- Origin: Waterford, Ireland
- Genres: Rock, progressive rock, psychedelic rock, folk rock
- Label: Big Skin Records,
- Website: oemperor.com

= O Emperor =

Irish rock band

O Emperor are a rock band from Waterford, Ireland.

Professional ratings
Review scores
| Source | Rating |
| Entertainment.ie | Star Half star |
| Irish Times | Star |

== History ==

===Background===

O Emperor are a five-piece rock band from Waterford, Ireland. All members met in secondary school in Waterford and for these years went under a number of guises, performing covers in pubs and clubs throughout Waterford city. The five went to college in Cork and during this period, evolved into an original outfit now called O Emperor in 2009.

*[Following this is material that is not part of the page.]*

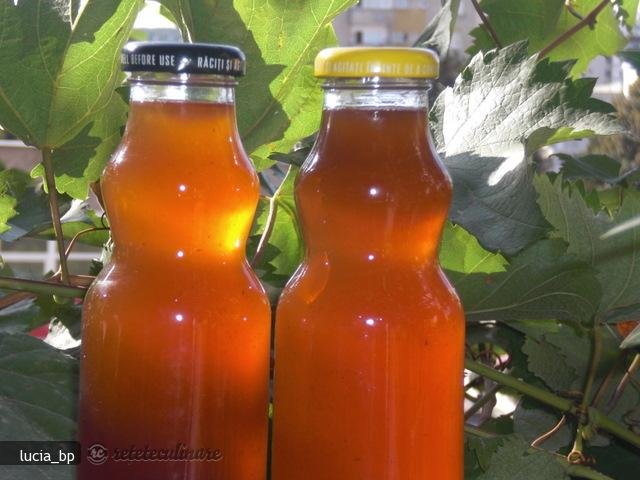 Must de Struguri Pentru Iarna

===Debut album: Hither Thither===

Hither Thither was record after the individual members left college in 2009. The group located to a country house in Kinsale, County Cork and over the course of 9 months, self recorded and produced their debut album.
The record was released through Universal Records Ireland in October 2010 and went on to the nominated for a Choice Music Prize (Irish Album of the Year 2010)

===Present===

The group spent most of 2012 recording material for their second album Vitreous, which was released on June 14, 2013. Two tracks from this session Electric Tongues/Erman Gou were issued as a standalone double A-side single in November 2012.

Vitreous was self-recorded and produced in the band's studio (Big Skin HQ) in Cork city. It has been received positively by fans and described as "the band's most potent and distinct work to date."

In March 2015, the EP Lizard was released.

== Discography ==

=== Studio albums===

| Year | Album details | Peak chart positions | Certifications |
IRL
| 2010 | Hither Thither Released: October 1, 2010; Label: Universal Music Ireland; Formats: CD, digital download; | 6 |  |
| 2012 | Hither Thither (Expanded Version) Released: April 16, 2012; Label: K&F Records; Formats: CD, digital download; | — |  |
| 2013 | Vitreous Released: June 14, 2013; Label: BigSkin; Formats: CD, digital download, LP; | 38 |  |
| 2018 | Jason Released: November 2, 2018; Label: BigSkin; Formats: CD, digital download; | — |  |
"—" denotes a title that did not chart.

===Extended plays===

| Year | Album details | Peak chart positions |
IRL
| 2010 | Persephone Released: January 13, 2010; Label: Self Released; Formats: CD; | — |
| Reverie Released: April 16, 2010; Label: Universal Ireland; Formats: CD, digital download; | 32 |
| 2015 | Lizard Released: March 2, 2015; Label: BigSkin; Formats: CD (Only on stage), digital download; | — |
"—" denotes a title that did not chart.